Le péril jauniste

Sans remonter à Piero della Francesca, la provocation fait depuis longtemps les beaux jours de l’art occidental. Après le fameux Urinoir de Duchamp (1917), il a même été érigé en dogme par quelque plasticien.

Que penser alors du geste de Vladimir Umanets, un Russe de 26 ans, dont l’imbécillité n’a visiblement pas attendu le poids des années. Dimanche, le courageux esthète a graffité l’une des toiles de Mark Rothko exposées à la Tate Modern de Londres.

Arrêté lundi, ce corniaud qui se veut lettré a défendu ainsi son acte: «Ce n’est ni de l’art ni de l’anti-art.
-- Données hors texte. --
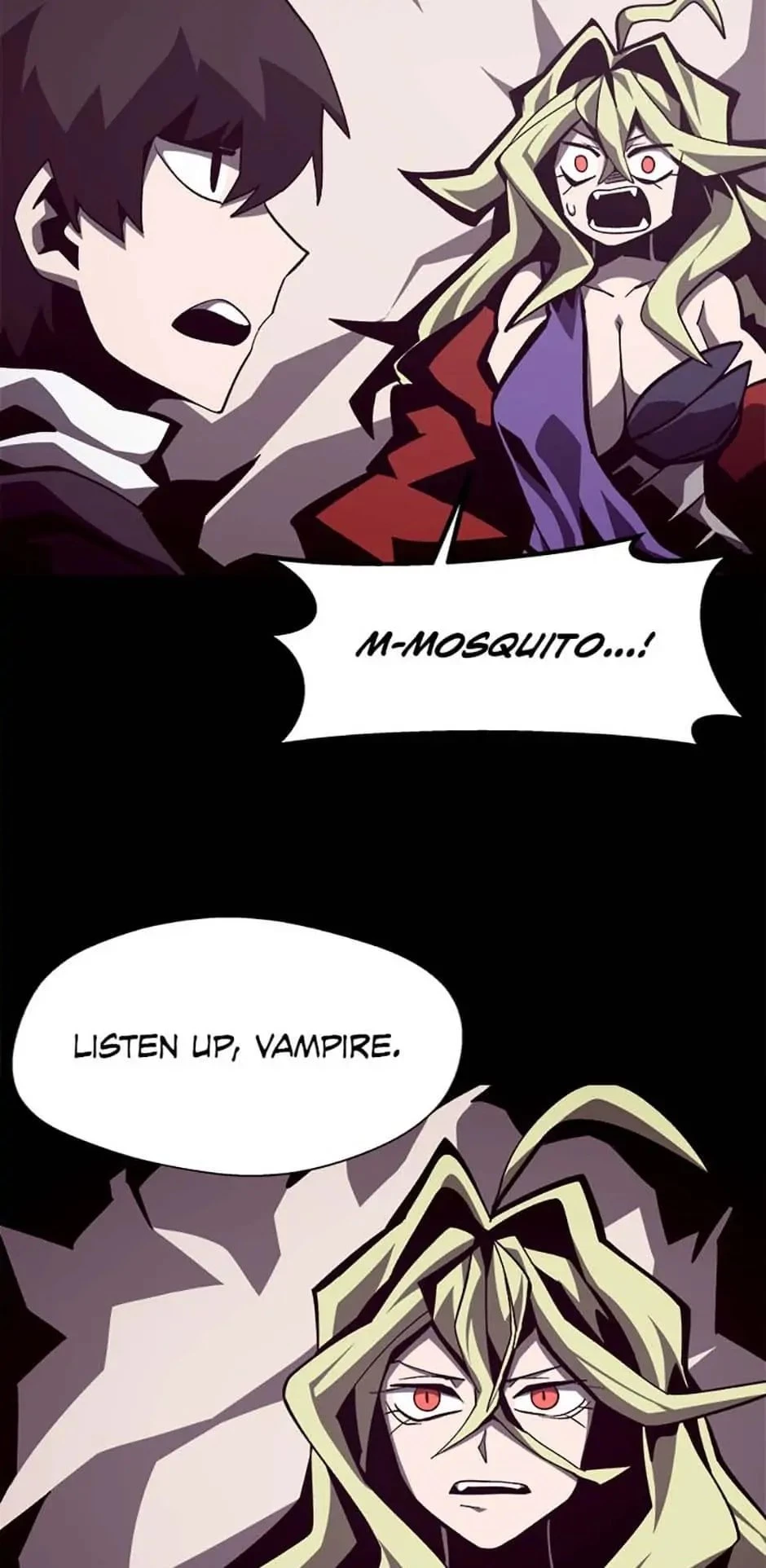 Dungeon Odyssey Chapter 44 - 46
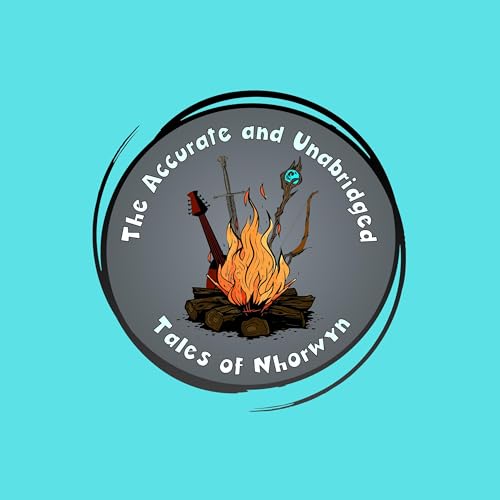 Page de couverture de The Accurate and Unabridged Tales of Nhorwyn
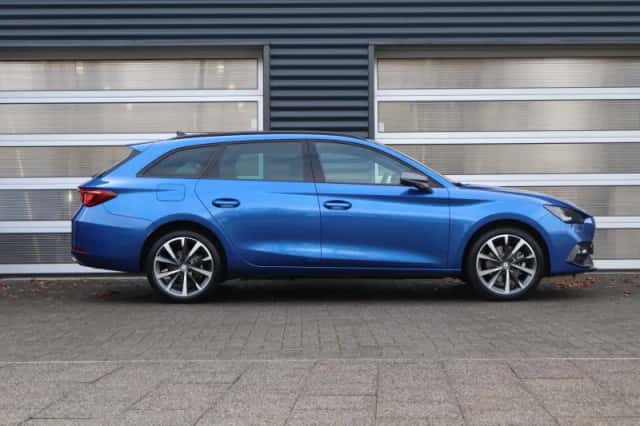 SEAT Leon Sportstourer (2026) thumbnail 3
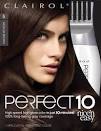YOUTHblog » dime piece / perfect 10 by clairol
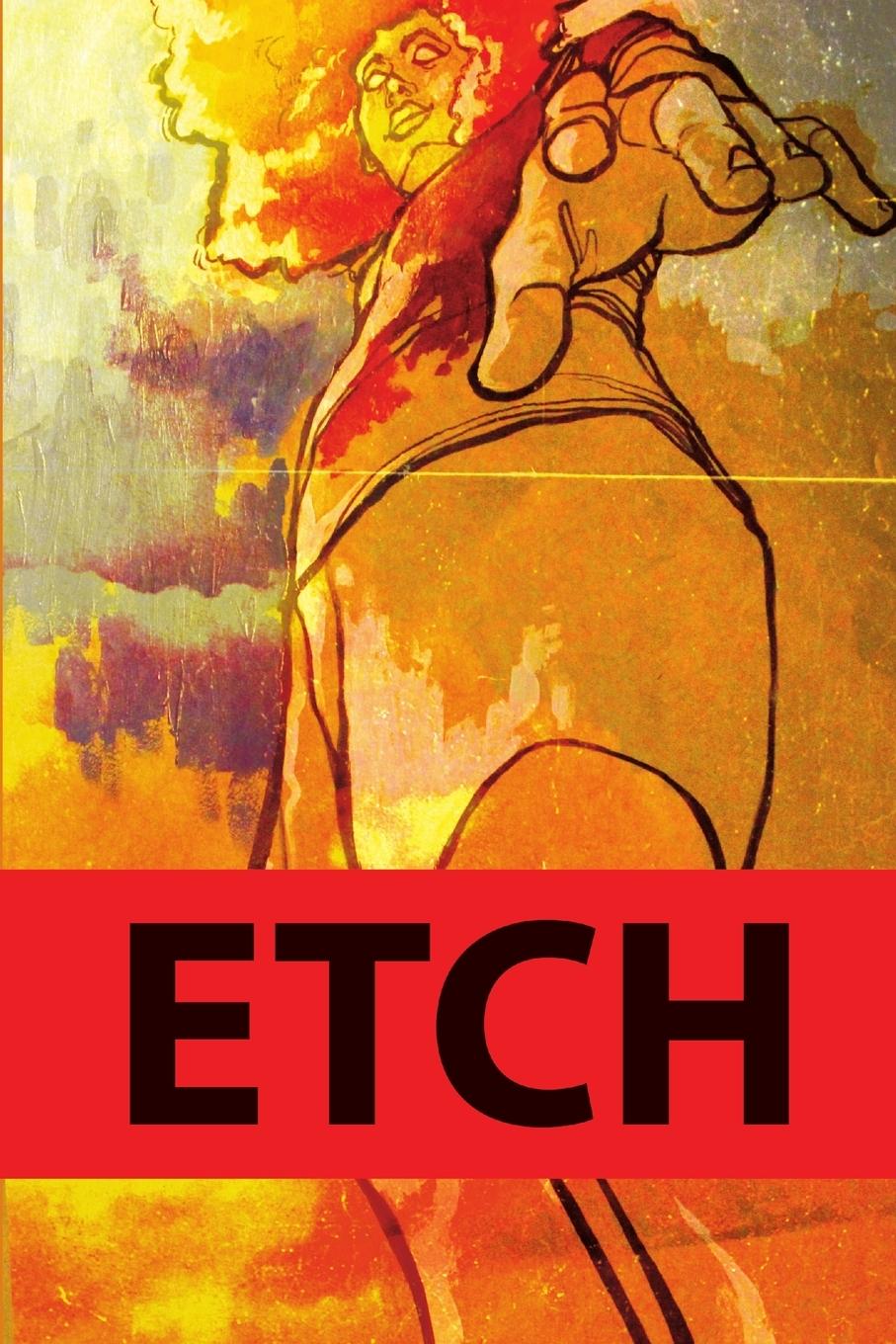 Vorderes Coverbild The ETCH Anthology 2015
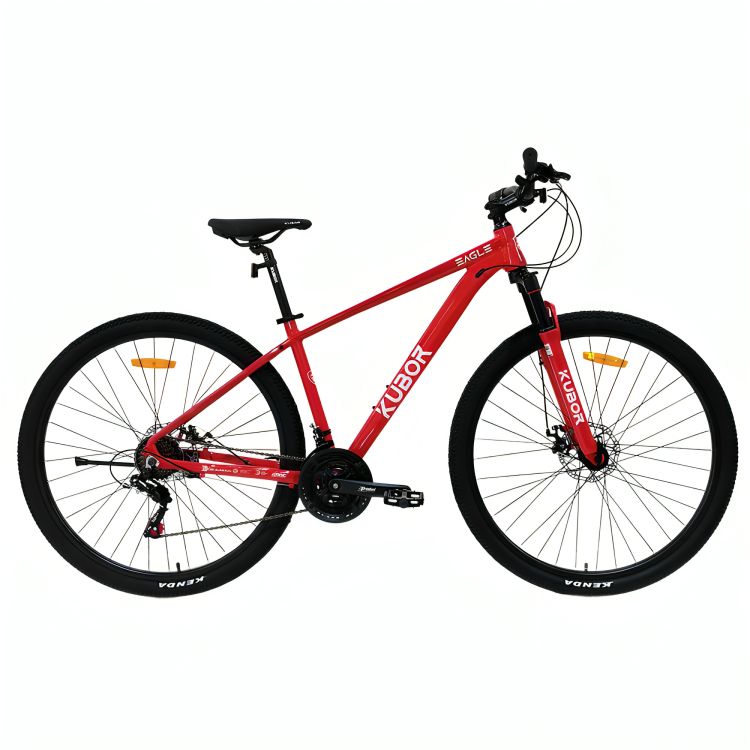 Bicicleta de Montaña Eagle R29 21V Shifters Shimano Rojo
Je ne suis pas un vandale. Je suis un jauniste! Je voudrais que les gens en parlent…» Ben, voyons! Il ne nous manquait plus que le péril jauniste!

Personnellement, j’avais souri lorsqu’une admiratrice avait laissé, en 2007, un baiser rouge à lèvres – réversible celui-là – sur une toile blanche de Cy Twombly. Mais, de là à sprayer à la bombe un Rothko, il y a un monde contre lequel le bon sens doit s’ériger. Oui, l’art doit poser des questions. Oui, l’art doit pousser dans les cordes les limites de la liberté d’expression (ce ne sont pas les Pussy Riot qui me contrediront). Mais, cher Vladimir, pas question de toucher à un Rothko! N’y a-t-il pas assez de murs en béton sur cette planète pour une telle ignominie?